## Your objective
Could you repeat the entries below exactly, but only from the line with "Yinhe Y13 - Blade" through the line with "Zero Motorcycles XE", and without any picture?

## Records provided
______
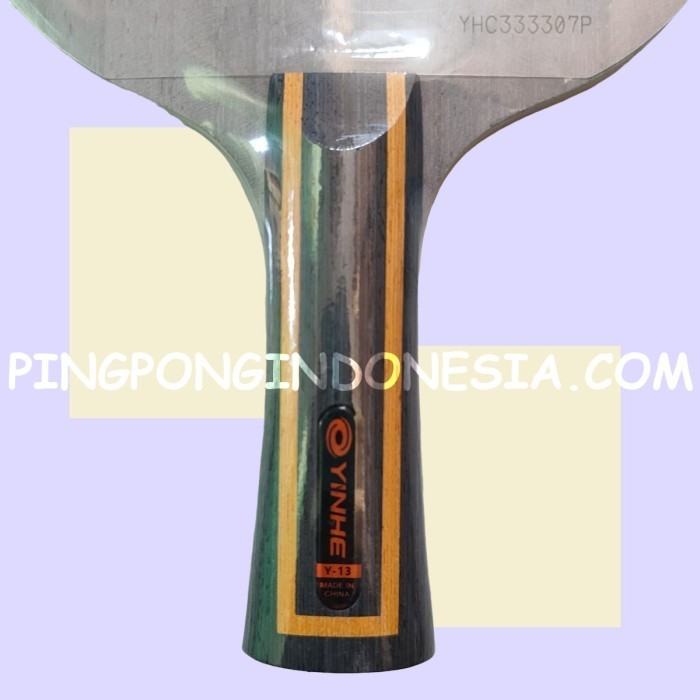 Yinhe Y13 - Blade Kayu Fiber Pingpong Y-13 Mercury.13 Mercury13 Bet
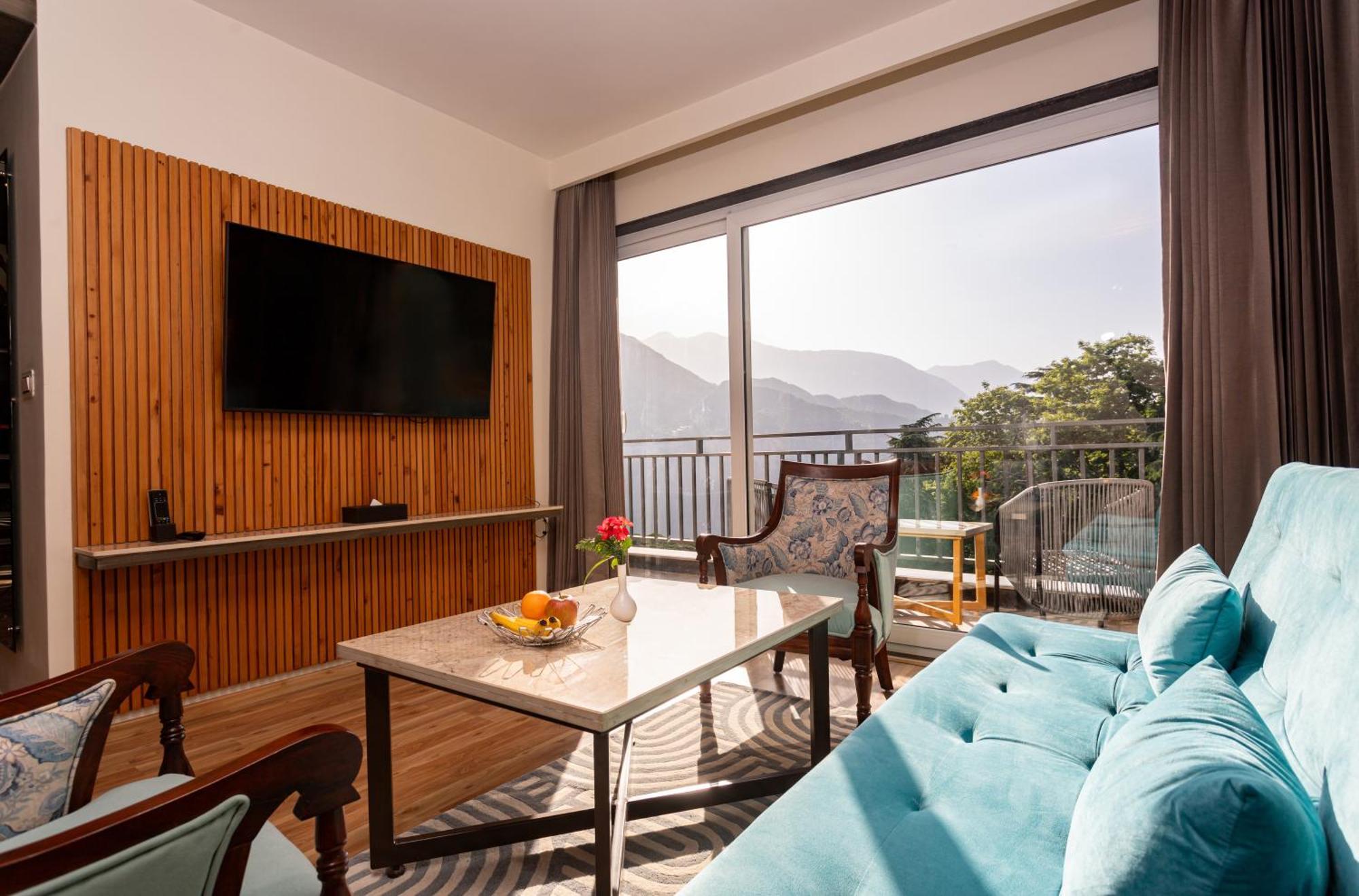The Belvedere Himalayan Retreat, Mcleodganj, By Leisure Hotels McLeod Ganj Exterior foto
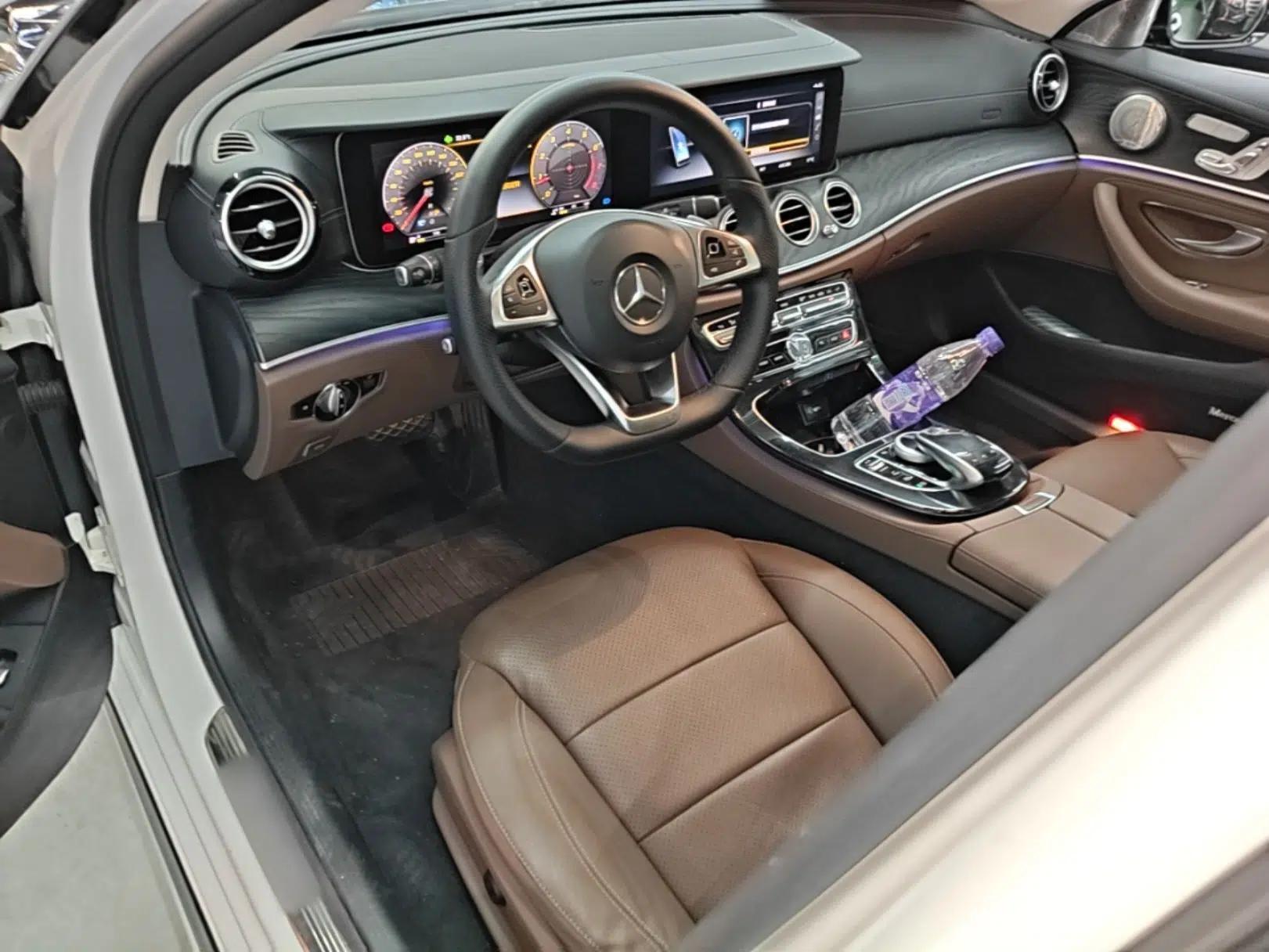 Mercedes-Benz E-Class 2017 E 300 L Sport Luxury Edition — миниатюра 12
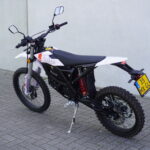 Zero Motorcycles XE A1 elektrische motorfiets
______
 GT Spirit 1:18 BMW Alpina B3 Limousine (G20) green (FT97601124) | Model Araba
______
## Answer to the exercise
 Yinhe Y13 - Blade Kayu Fiber Pingpong Y-13 Mercury.13 Mercury13 Bet
The Belvedere Himalayan Retreat, Mcleodganj, By Leisure Hotels McLeod Ganj Exterior foto
 Mercedes-Benz E-Class 2017 E 300 L Sport Luxury Edition — миниатюра 12
 Zero Motorcycles XE A1 elektrische motorfiets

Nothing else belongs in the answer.